The campaign was to showcase the Royal Navy and “the colonials” with the bulk of the British force drawn from the Australian and New Zealand Corps (ANZAC) along with several regiments of Gurkhas and Sikhs, the Ceylon Planters Rifle Corps, two divisions of Scots, one of Irish, some Canadian units, and the newly formed Royal Naval Division.
The French likewise contributed a mixed division composed of a Foreign Legion battalion, North African Zouaves, and Senegalese infantry.
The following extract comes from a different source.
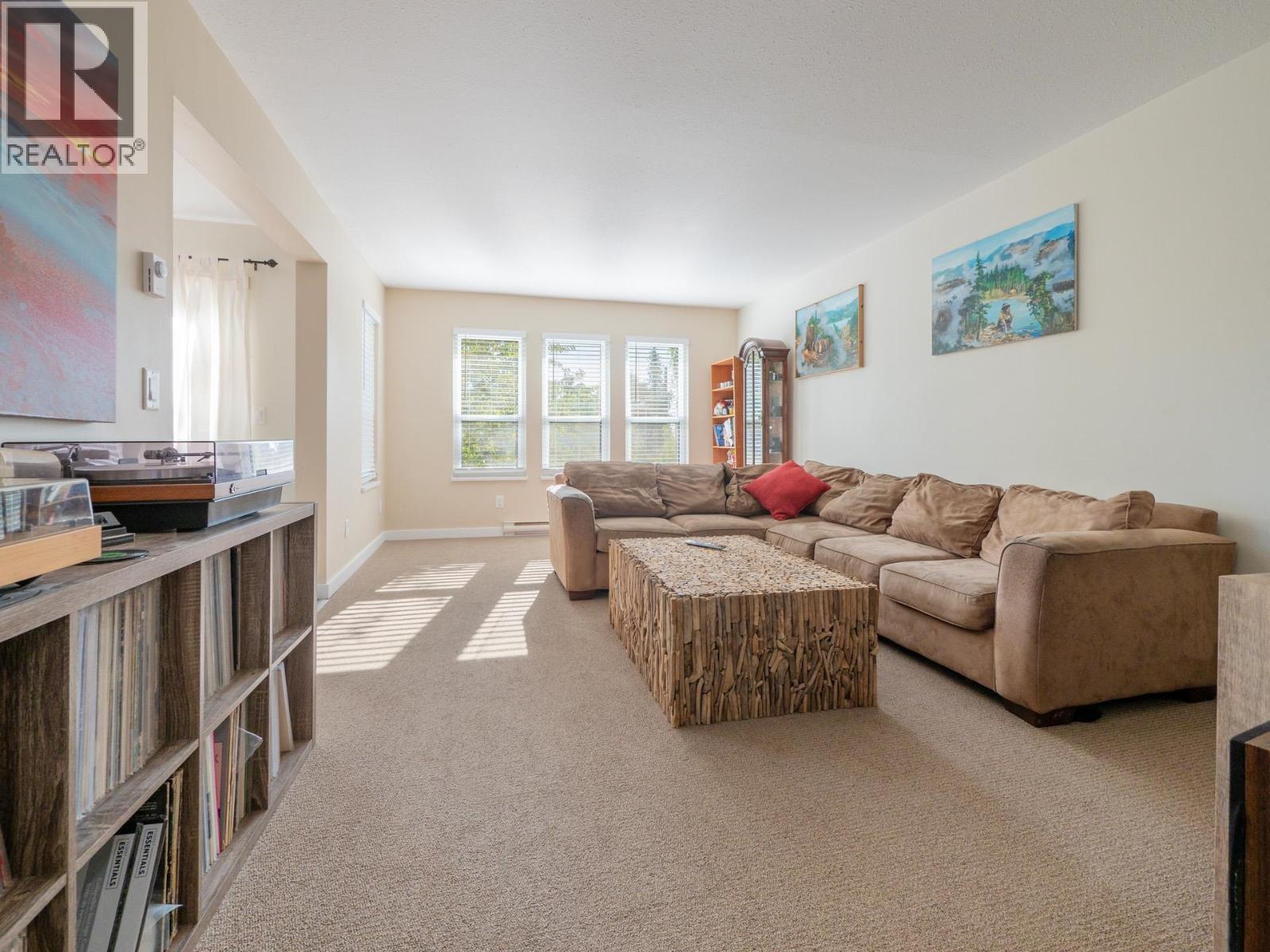 1 765 SCHOOL ROAD, Gibsons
Major Sherman Miles, in his work on amphibious operations in the 1920s, later concluded that, while the mighty battleships HMS Queen Elizabeth, Cornwallis, Albion, and other ships battered the Ottoman defenses for a full 24 hours before the landings– “still the Turkish rifle and machine-gun fire broke out whenever the big guns laid off,” and the Entente forces remained pinned to the ground by what were deemed to be greatly inferior Turkish forces.
“One can only conclude,” Major Miles continues, “that there are few organisms in the world weaker than an army when its feet are still wet with saltwater.”
A lesson still likely very applicable today.